Your instructions:
Nothing should appear in the answer except the lines below from the line containing "Opozicija kritikovala povećanje" through the line containing "Bán nhanh căn", copied exactly, with pictures left out.

#### Information

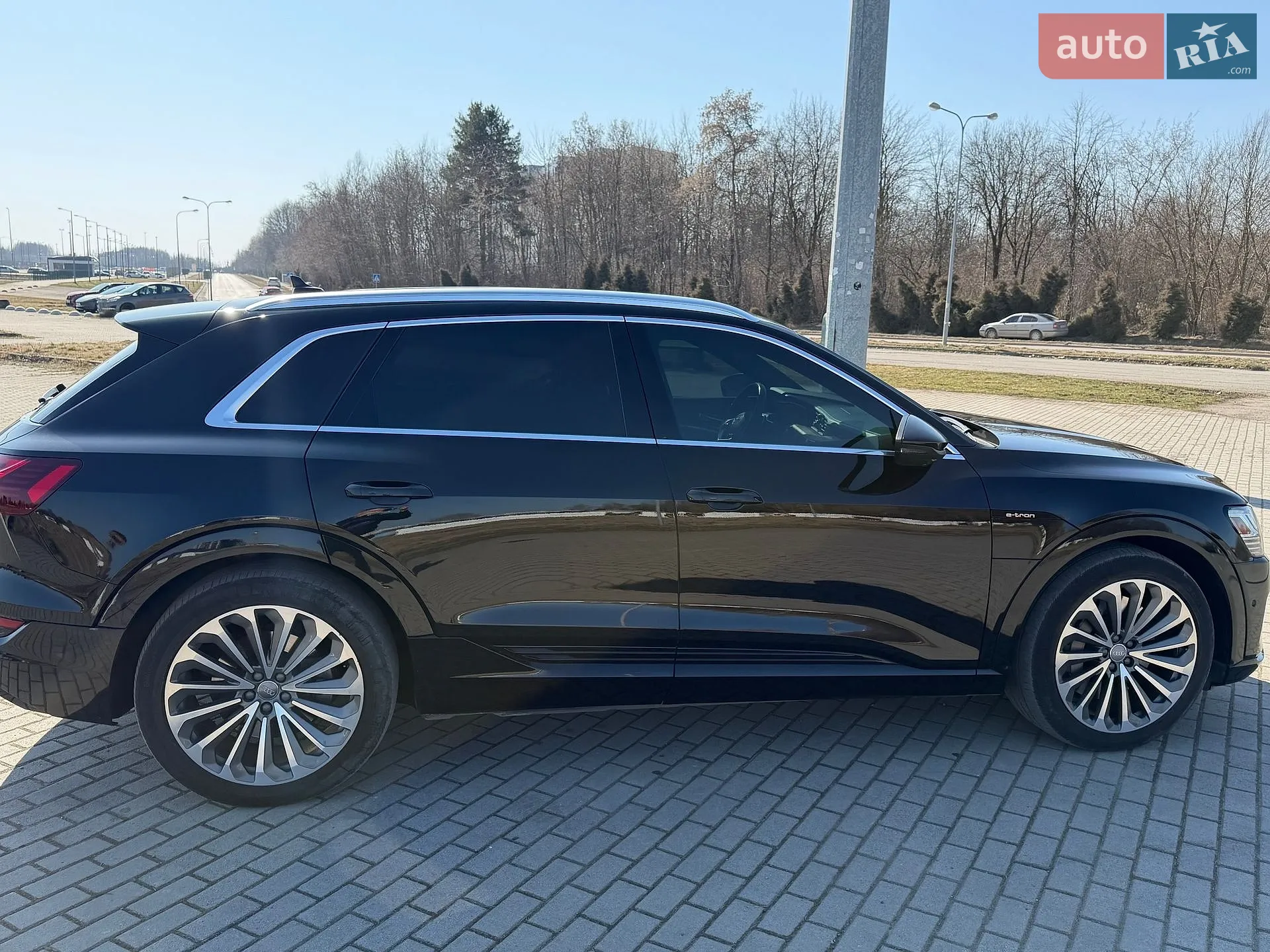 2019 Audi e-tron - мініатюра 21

########
#### Information

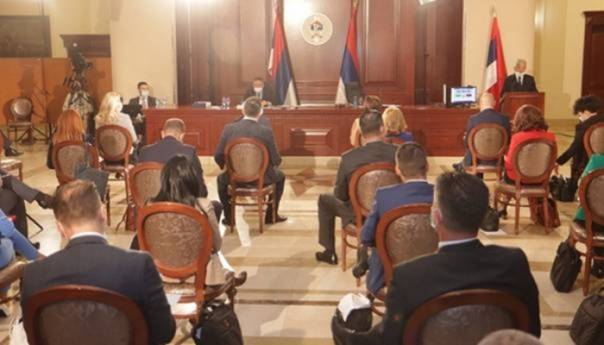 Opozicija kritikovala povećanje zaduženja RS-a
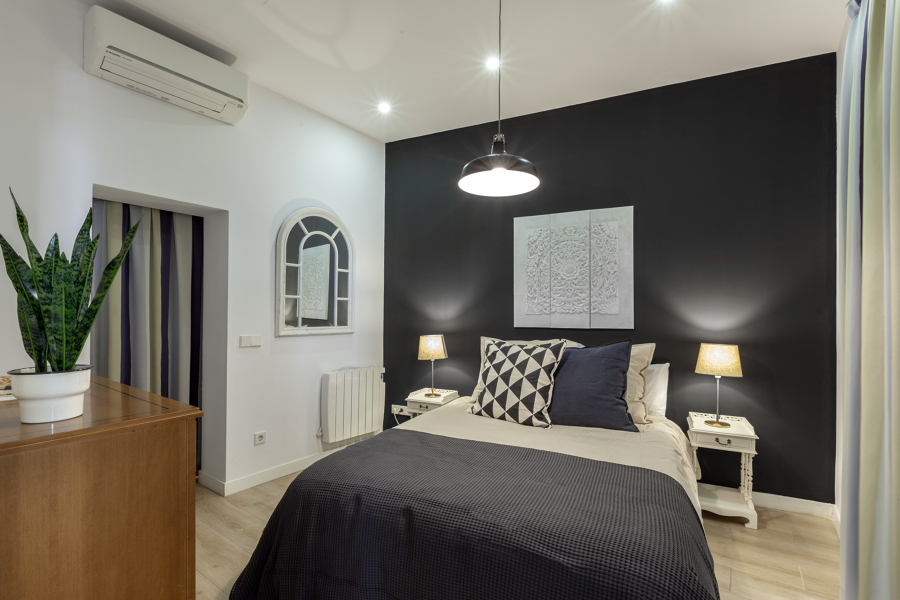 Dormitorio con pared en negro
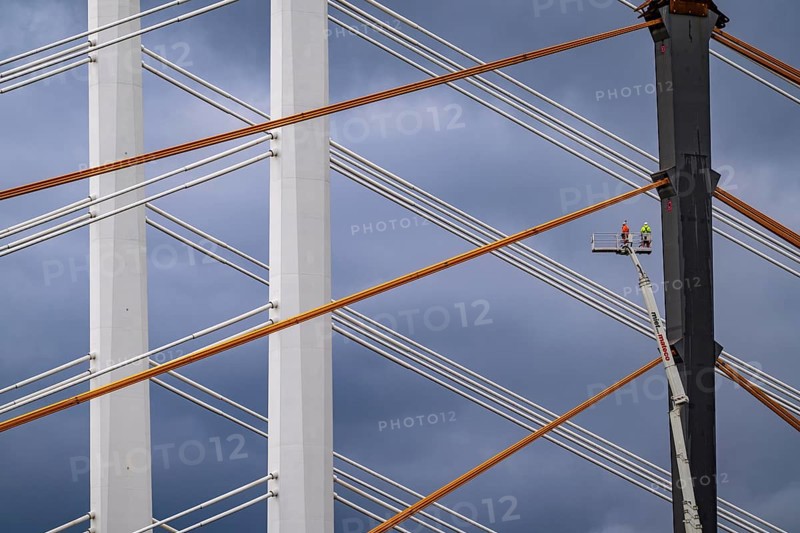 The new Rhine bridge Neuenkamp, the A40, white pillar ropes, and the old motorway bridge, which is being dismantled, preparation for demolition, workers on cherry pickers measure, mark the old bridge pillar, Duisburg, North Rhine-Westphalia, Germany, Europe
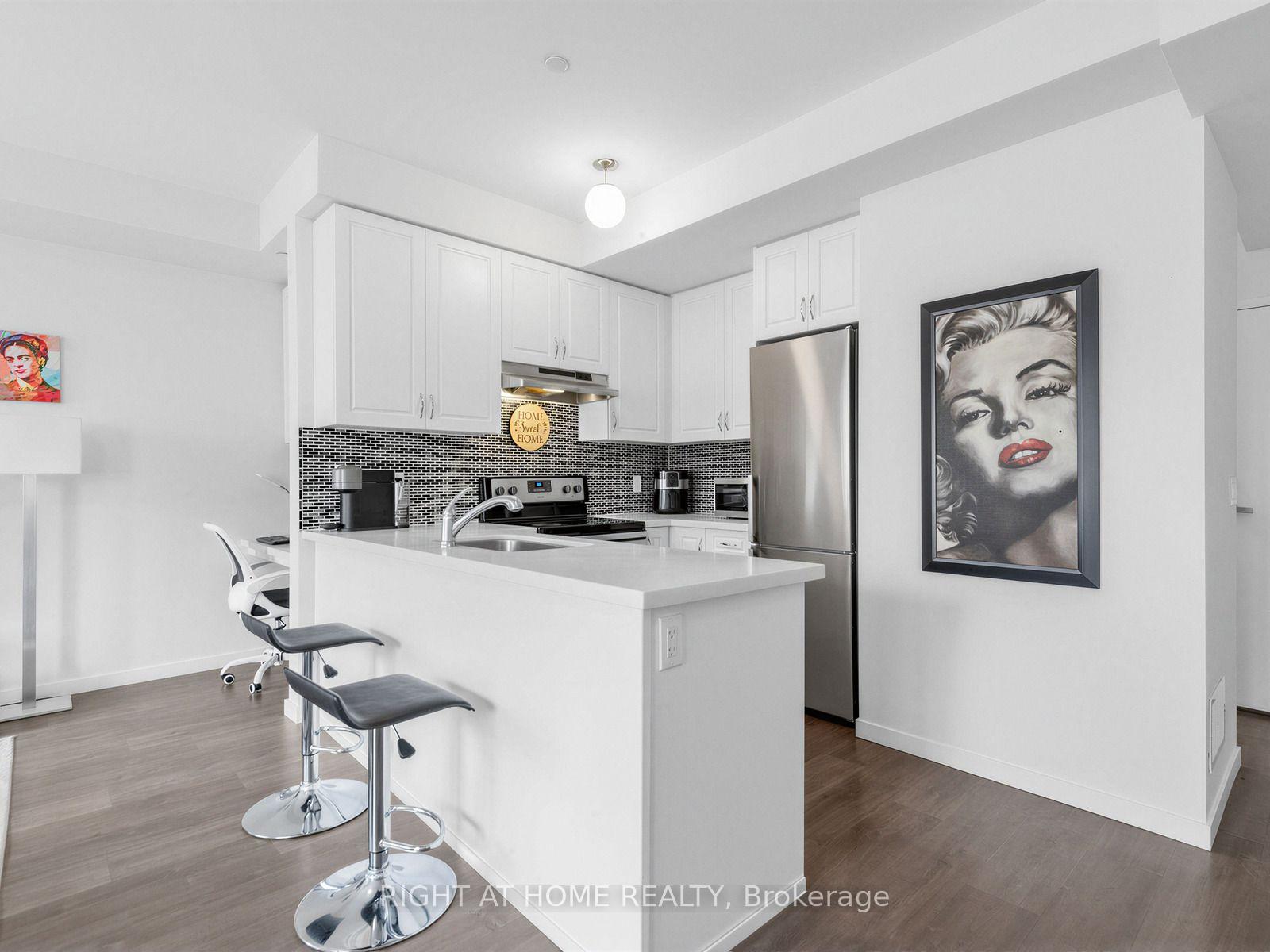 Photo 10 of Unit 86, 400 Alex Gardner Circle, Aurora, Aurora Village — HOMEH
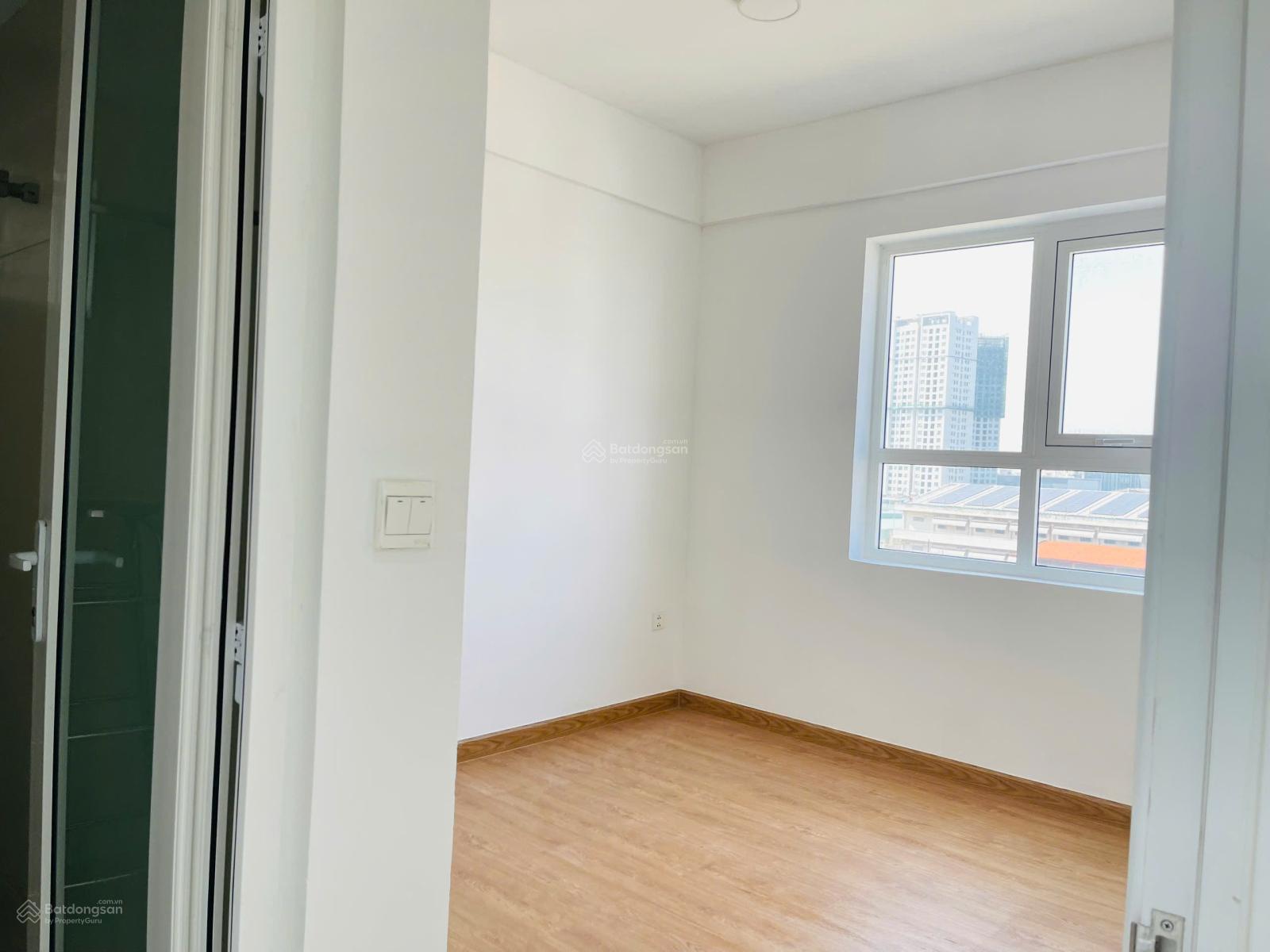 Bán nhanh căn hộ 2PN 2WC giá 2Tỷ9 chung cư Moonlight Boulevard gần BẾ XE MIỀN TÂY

########
#### Information

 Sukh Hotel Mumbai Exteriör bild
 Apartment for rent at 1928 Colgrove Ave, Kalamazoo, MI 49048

########

Task answer:
 Opozicija kritikovala povećanje zaduženja RS-a
 Dormitorio con pared en negro
 The new Rhine bridge Neuenkamp, the A40, white pillar ropes, and the old motorway bridge, which is being dismantled, preparation for demolition, workers on cherry pickers measure, mark the old bridge pillar, Duisburg, North Rhine-Westphalia, Germany, Europe
 Photo 10 of Unit 86, 400 Alex Gardner Circle, Aurora, Aurora Village — HOMEH
 Bán nhanh căn hộ 2PN 2WC giá 2Tỷ9 chung cư Moonlight Boulevard gần BẾ XE MIỀN TÂY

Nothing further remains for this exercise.